Target: Swedish Prime Minister, Fredrik Reinfeldt
Goal: Congratulate Sweden for recycling 99 percent of the country’s garbage
Sweden’s focus on reuse and recycling started in the 1970s, taking just 40 years to create a program that leaves almost zero waste across the entire country. Its program is fairly simple: reduce, reuse, recycle, recycling alternatives, and lastly landfill. By building this environmentally conscious ideal into the country’s law, Sweden has seen immense positive results from its efforts. Less than one percent of the country’s garbage ends up in a landfill and much of the waste is actually turned into fuel oil energy. Congratulate Swedish Prime Minister Fredrik Reinfeldt for guiding the country forward in reducing waste.
Waste is first filtered by business and home owners. Any items that can be reused are taken out—organic waste, like food products (e.g. coffee grounds)—is separated into its own category and paper is either reused or put in a separate bag for pickup. Garbage trucks then pick up the sorted waste and take it to Waste-To-Energy (WTE) plants. Waste is loaded into furnaces, creating steam that spins generator turbines and in turn produces electricity that is distributed across the country. Thankfully, Sweden has a flue-gas cleaning in place that reduces airborn dioxins to very low amounts to prevent air pollution.
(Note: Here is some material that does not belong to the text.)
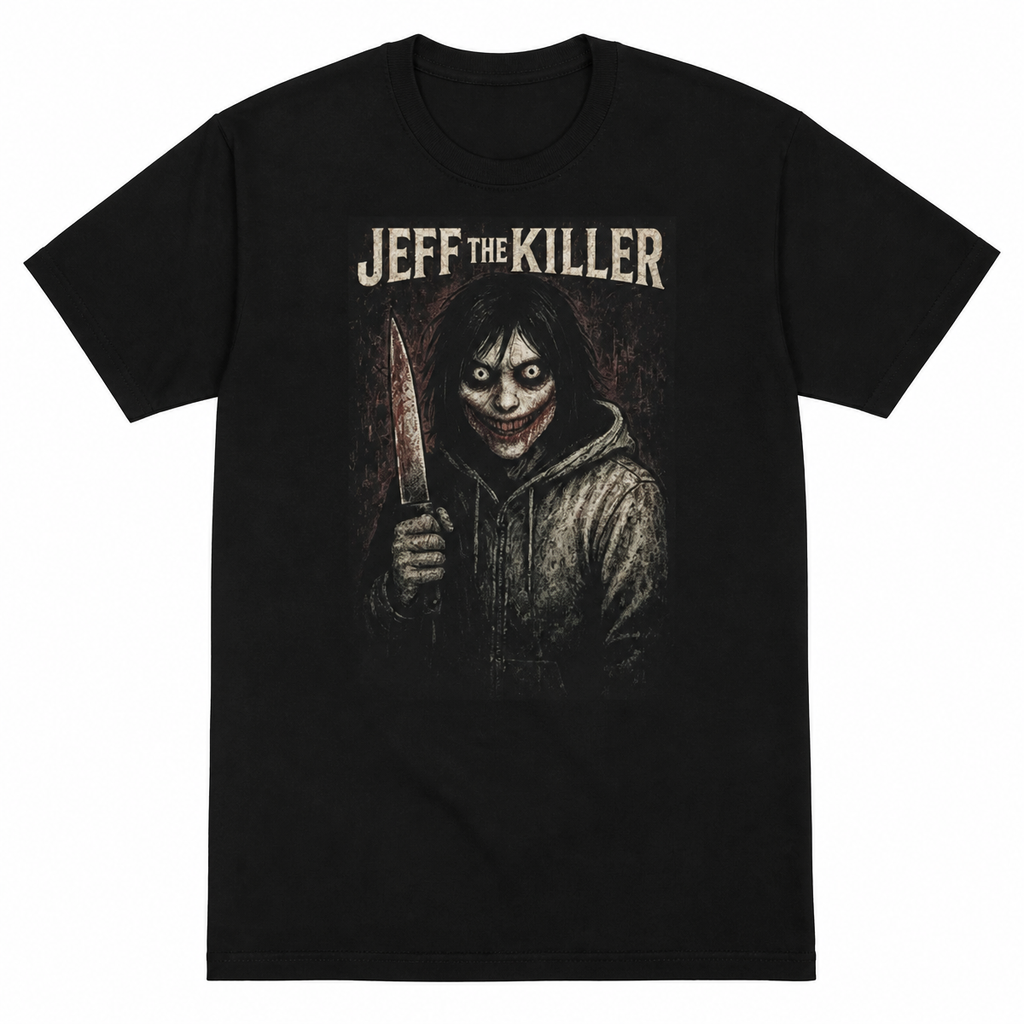 Grunge Jeff the Killer Graphic T-Shirt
Sweden’s success is also attributed to making the producers of products accountable for all costs related to collecting, recycling, and disposing of their products. This eco-friendly approach keeps companies from designing products with high waste potential (think plastic water bottles). With this mindset, the country has reduced its waste to one percent, and even have to import trash from other countries to fuel the WTE plants that create electricity.
This is an impressive undertaking. In Europe, generally only 25 percent of waste is recycled. The rest is routed directly to harmful landfills. Thank Sweden’s Prime Minister Fredrik Reinfeldt for keeping up and building upon the recycling standards set in the country starting in the 1970s. It does an exemplary job of showing how if every person puts forth just a small amount of effort—separating waste from recycling, or creating products that are more eco-friendly—it is easily manageable to reduce our waste to almost nothing.
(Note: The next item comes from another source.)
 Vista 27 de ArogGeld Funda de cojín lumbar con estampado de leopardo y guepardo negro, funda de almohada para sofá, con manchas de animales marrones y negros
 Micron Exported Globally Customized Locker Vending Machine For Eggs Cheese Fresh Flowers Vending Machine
Dear Prime Minister Reinfeldt,
I recently read about Sweden’s reduce, reuse, and recycle programs enforced across the country. Due to these actions, 99 percent of the country’s waste is reused in one way or another. Even the trash that can’t be recycled is instead burned to create electricity. Sweden has even implemented a program to reduce the air pollution that is normally a byproduct of incineration.
Thank you for keeping sustainability and recycling at the forefront of Sweden’s lifestyle. By having every person help and be accountable for their decisions and garbage, an amazing thing has been accomplished. I am excited to see how this program develops in the future.